• Task item: Write out all of the data exactly as it appears.

[Opening Listed records section]

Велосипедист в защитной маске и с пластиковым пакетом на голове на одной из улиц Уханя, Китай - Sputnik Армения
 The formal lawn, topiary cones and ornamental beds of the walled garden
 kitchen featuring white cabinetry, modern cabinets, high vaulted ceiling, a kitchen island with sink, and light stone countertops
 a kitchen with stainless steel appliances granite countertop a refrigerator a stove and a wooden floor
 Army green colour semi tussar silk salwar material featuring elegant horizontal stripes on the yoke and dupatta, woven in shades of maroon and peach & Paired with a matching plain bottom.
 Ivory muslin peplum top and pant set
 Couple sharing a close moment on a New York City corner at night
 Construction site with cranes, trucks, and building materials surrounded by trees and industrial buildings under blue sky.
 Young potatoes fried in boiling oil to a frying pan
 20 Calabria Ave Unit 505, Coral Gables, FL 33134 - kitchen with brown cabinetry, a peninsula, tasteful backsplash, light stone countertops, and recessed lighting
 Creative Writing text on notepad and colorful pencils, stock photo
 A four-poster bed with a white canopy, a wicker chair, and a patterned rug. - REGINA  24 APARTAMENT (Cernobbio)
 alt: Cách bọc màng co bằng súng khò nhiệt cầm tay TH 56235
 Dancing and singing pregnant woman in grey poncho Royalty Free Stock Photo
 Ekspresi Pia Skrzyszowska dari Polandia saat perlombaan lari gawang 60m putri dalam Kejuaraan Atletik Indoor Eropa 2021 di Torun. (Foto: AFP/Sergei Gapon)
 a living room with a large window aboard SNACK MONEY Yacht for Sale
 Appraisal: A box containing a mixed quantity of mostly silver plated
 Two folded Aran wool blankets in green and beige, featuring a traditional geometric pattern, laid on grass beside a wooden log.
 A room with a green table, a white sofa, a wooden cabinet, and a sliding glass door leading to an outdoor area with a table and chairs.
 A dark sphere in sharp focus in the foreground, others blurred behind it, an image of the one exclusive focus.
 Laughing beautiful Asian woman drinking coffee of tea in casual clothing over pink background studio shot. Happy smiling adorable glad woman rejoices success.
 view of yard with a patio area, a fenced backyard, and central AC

[Closing Listed records section]

• Answer box:
Велосипедист в защитной маске и с пластиковым пакетом на голове на одной из улиц Уханя, Китай - Sputnik Армения
 The formal lawn, topiary cones and ornamental beds of the walled garden
 kitchen featuring white cabinetry, modern cabinets, high vaulted ceiling, a kitchen island with sink, and light stone countertops
 a kitchen with stainless steel appliances granite countertop a refrigerator a stove and a wooden floor
 Army green colour semi tussar silk salwar material featuring elegant horizontal stripes on the yoke and dupatta, woven in shades of maroon and peach & Paired with a matching plain bottom.
 Ivory muslin peplum top and pant set
 Couple sharing a close moment on a New York City corner at night
 Construction site with cranes, trucks, and building materials surrounded by trees and industrial buildings under blue sky.
 Young potatoes fried in boiling oil to a frying pan
 20 Calabria Ave Unit 505, Coral Gables, FL 33134 - kitchen with brown cabinetry, a peninsula, tasteful backsplash, light stone countertops, and recessed lighting
 Creative Writing text on notepad and colorful pencils, stock photo
 A four-poster bed with a white canopy, a wicker chair, and a patterned rug. - REGINA  24 APARTAMENT (Cernobbio)
 alt: Cách bọc màng co bằng súng khò nhiệt cầm tay TH 56235
 Dancing and singing pregnant woman in grey poncho Royalty Free Stock Photo
 Ekspresi Pia Skrzyszowska dari Polandia saat perlombaan lari gawang 60m putri dalam Kejuaraan Atletik Indoor Eropa 2021 di Torun. (Foto: AFP/Sergei Gapon)
 a living room with a large window aboard SNACK MONEY Yacht for Sale
 Appraisal: A box containing a mixed quantity of mostly silver plated
 Two folded Aran wool blankets in green and beige, featuring a traditional geometric pattern, laid on grass beside a wooden log.
 A room with a green table, a white sofa, a wooden cabinet, and a sliding glass door leading to an outdoor area with a table and chairs.
 A dark sphere in sharp focus in the foreground, others blurred behind it, an image of the one exclusive focus.
 Laughing beautiful Asian woman drinking coffee of tea in casual clothing over pink background studio shot. Happy smiling adorable glad woman rejoices success.
 view of yard with a patio area, a fenced backyard, and central AC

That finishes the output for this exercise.